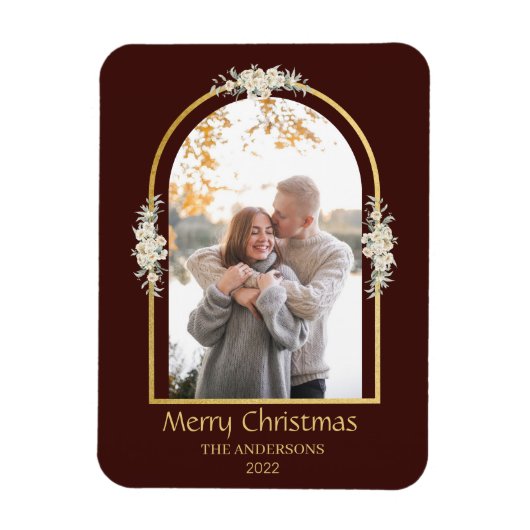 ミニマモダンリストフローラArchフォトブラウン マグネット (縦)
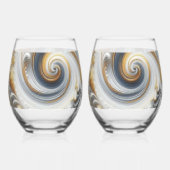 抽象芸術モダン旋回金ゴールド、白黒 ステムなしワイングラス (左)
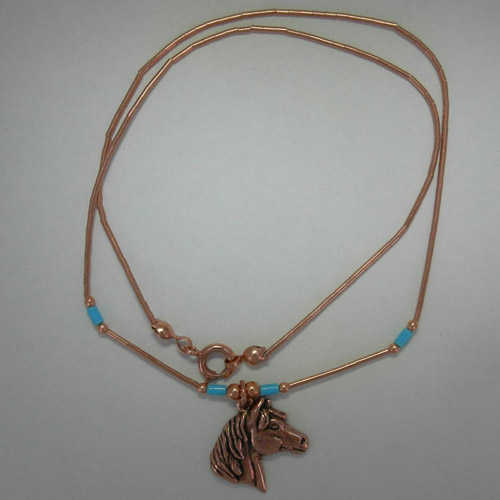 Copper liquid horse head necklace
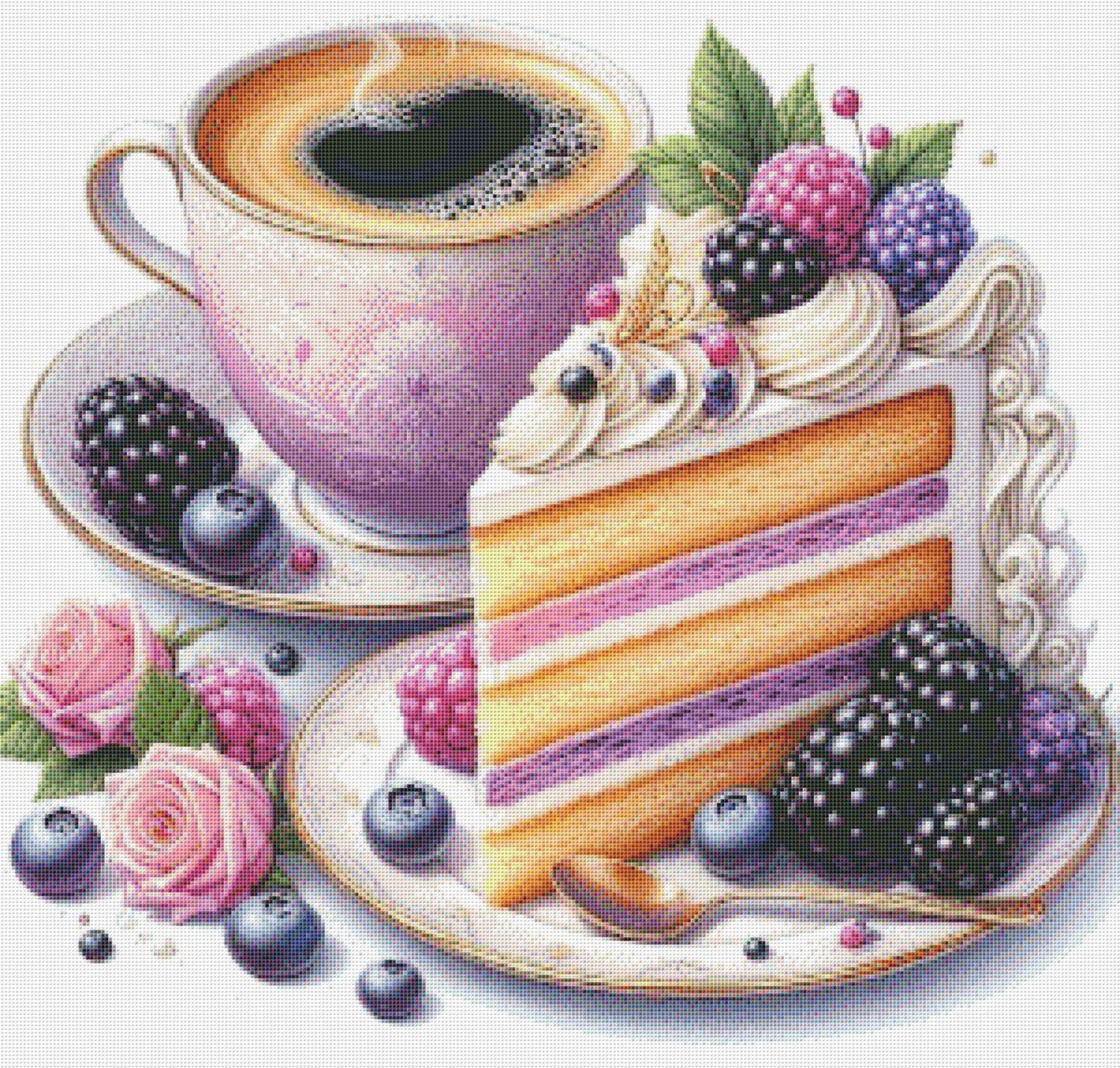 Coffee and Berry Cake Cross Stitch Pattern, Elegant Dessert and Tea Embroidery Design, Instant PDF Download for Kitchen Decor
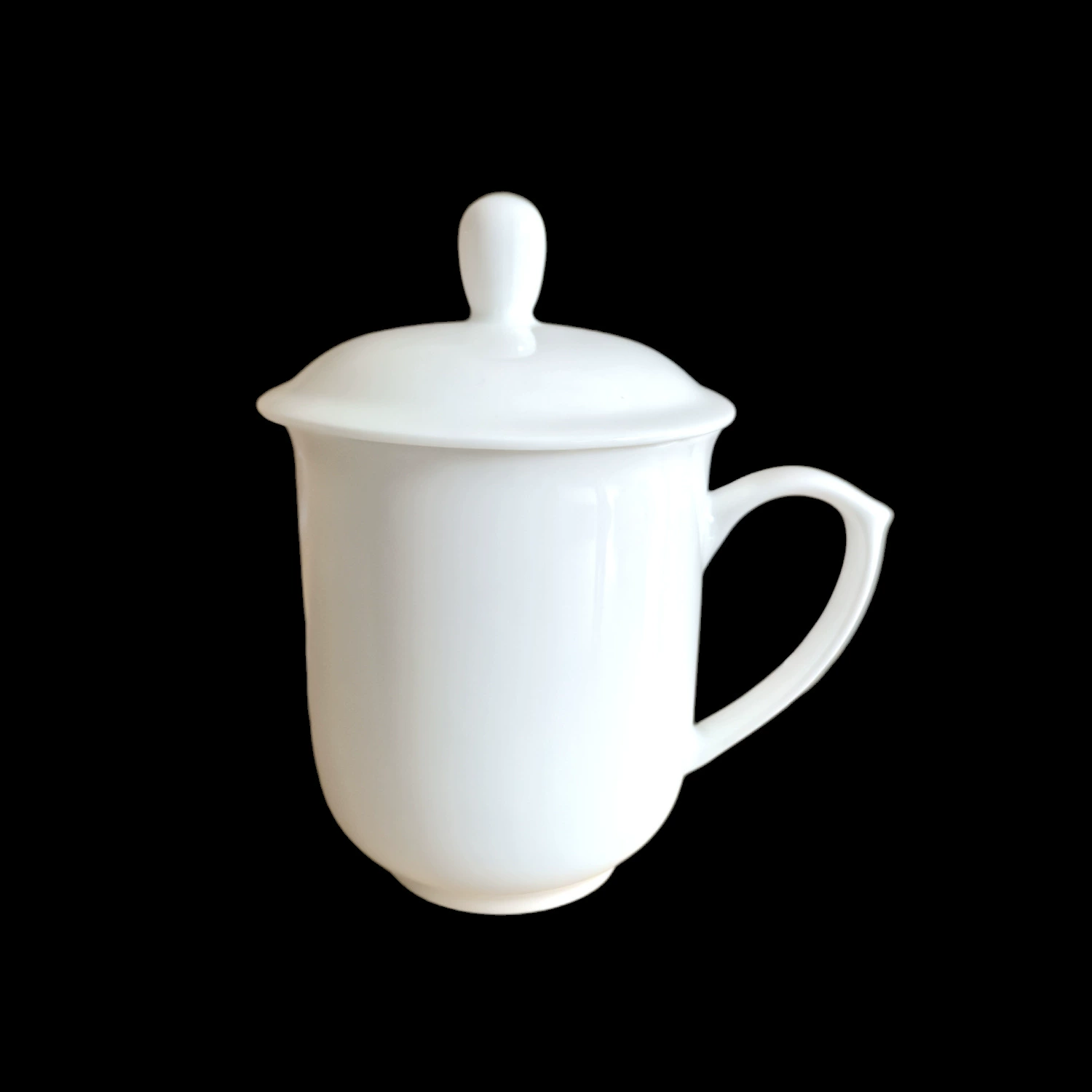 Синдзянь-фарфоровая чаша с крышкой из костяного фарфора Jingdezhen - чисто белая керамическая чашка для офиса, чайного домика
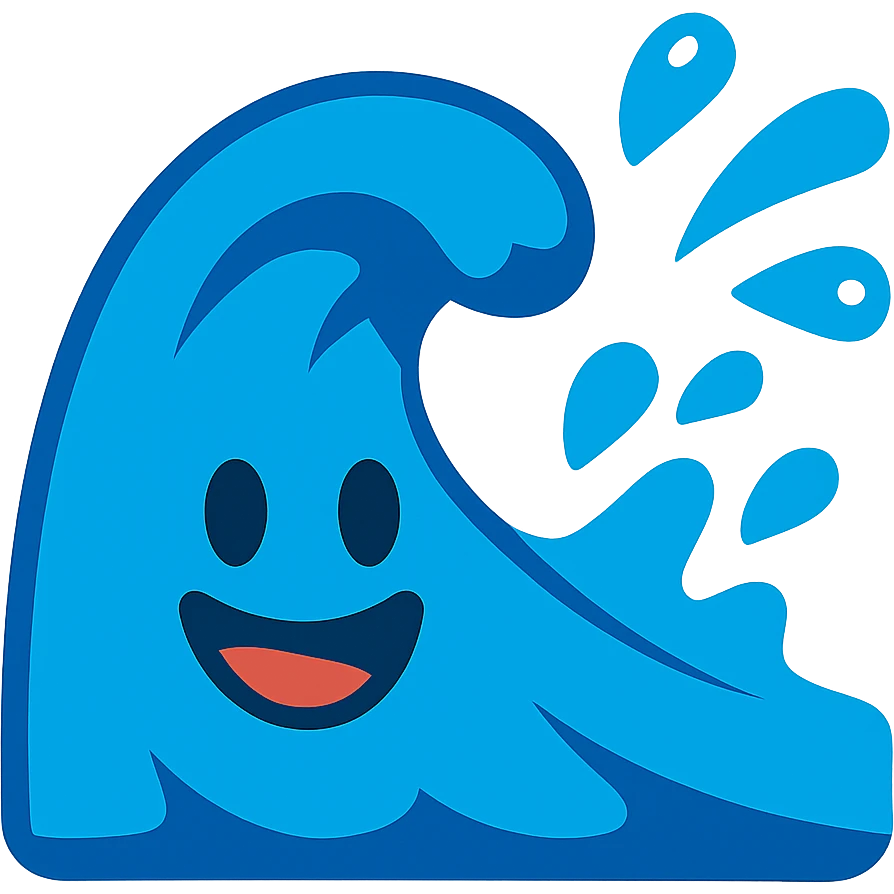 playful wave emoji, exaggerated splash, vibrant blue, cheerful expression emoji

= INSTRUCTIONS TO FOLLOW =
Take the lines from the one holding "Синдзянь-фарфоровая чаша с" through the final line of the listing above and copy them exactly, both ends included, with no pictures.

= TASK ANSWER =
 Синдзянь-фарфоровая чаша с крышкой из костяного фарфора Jingdezhen - чисто белая керамическая чашка для офиса, чайного домика
 playful wave emoji, exaggerated splash, vibrant blue, cheerful expression emoji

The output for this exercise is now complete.